L-R: Corey Johnson, Dustin HIggs, Lisa Montgomer and Brandon Bernard

At 9:27 PM on December 10, 2020, Brandon Bernard was pronounced dead. After 20 years on death row and despite pleas to spare his life by both the original prosecutor and five surviving members of the jury that convicted him, the Supreme Court of the United States refused to grant a stay of execution. His story is heartbreaking and his execution a miscarriage of justice, but within his personal tragedy a larger issue looms: Why was the current administration so determined to execute him, as well as others on death row?

Brandon Bernard and family. Photo from Death Penalty Information Center

Federal executions are exceedingly rare and an informal moratorium on federal executions has been in place since 2003. But in July 2019 U.S. Attorney General Bill Barr announced federal executions would resume, and they have, with a vengeance.

Over the past 50 years there have been only twelve federally sanctioned executions, but of those, nine have happened over the past 18 months. According to the Death Penalty Information Center, Trump will leave office as the most prolific execution president of the last 130 years. If all goes according to Bill Barr’s plan, Trump will leave office having executed 13 people in less than two years, nearly a quarter of all federal death row inmates. To accomplish this Barr has actually moved up the execution dates of three prisoners, an inhumane and unspeakable act of cruelty especially as an execution during the presidential lame duck period has not happened in over a century.*

Again, why? Why is this administration so determined to kill?

Donald Trump has always been an unusually vocal proponent of the death penalty, most famously in his very public call for the execution of the Central Park Five, all of whom were later exonerated. But despite their undeniable proof of innocence, Trump has always refused to back down, and as late as 2019 stated to reporters he would never apologize and that “You have people on both sides of that.”

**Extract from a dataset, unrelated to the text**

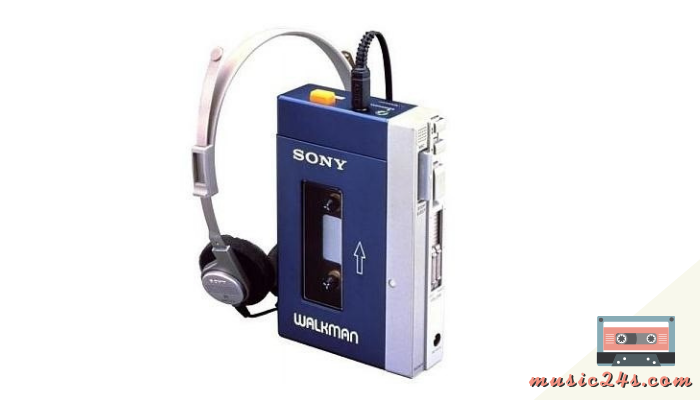 Sony Walkman เครื่องเล่นเพลงยุค 90 ที่ครองใจ 3 ทศวรรษ เชื่อว่าคนที่ใช้ชีวิตในยุค 90 แทบทุกคนจะรู้จัก Sony Walkman หรือ Soundabout อุปกรณ์ฟังเพลง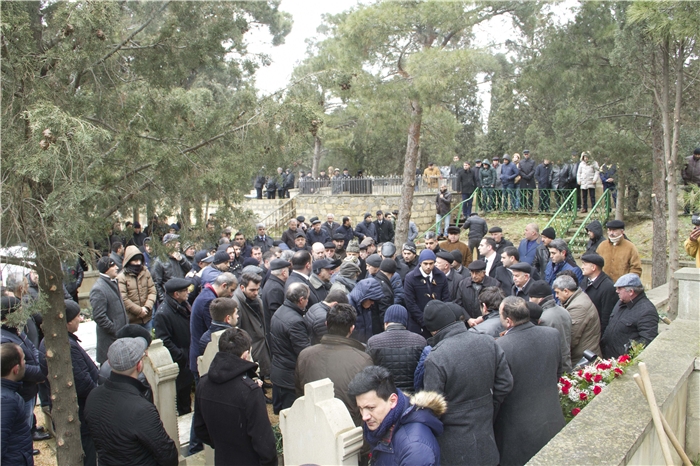 Çingiz Mustafayevin anası son mənzilə yola salındı - FOTO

It is not surprising then that Trump would support the death penalty as president, but the speed, scope, and sheer cruelty of these executions boggles the mind. Although not all of the prisoners executed by Trump/Barr have been white, the majority of those executed by the time he leaves office will be prisoners of color.

Both modern policing and the death penalty have always been inextricably linked to the history of slavery and lynching. “Slave Patrols,” created to apprehend runaway slaves, predate modern law enforcement, and legal executions were promised in a bid to discourage post-Civil War lynching and vigilante justice. While public opinion has slowly turned against the death penalty and 22 states have since banned its use as cruel and immoral, government sanctioned executions continue.

Prisoners scheduled for lame duck executions. Screen grab from MSNBC.

Since losing the election Trump’s rush to execute death row inmates has taken an even more ominous turn: on November 27th the administration widely expanded the methods through which a death penalty can be carried out. The federal government can now employ any method for execution including hanging, electrocution, gas or firing squad, an evocation of the era of lynching is both inhumane and obvious.

Will Trump end his presidency with the hanging of a Black prisoner? Whether or not this administration actually acts on its newly created ability to choose the method of execution, the reintroduction of extreme ways to control the bodies of Black and Brown persons has entered the collective consciousness.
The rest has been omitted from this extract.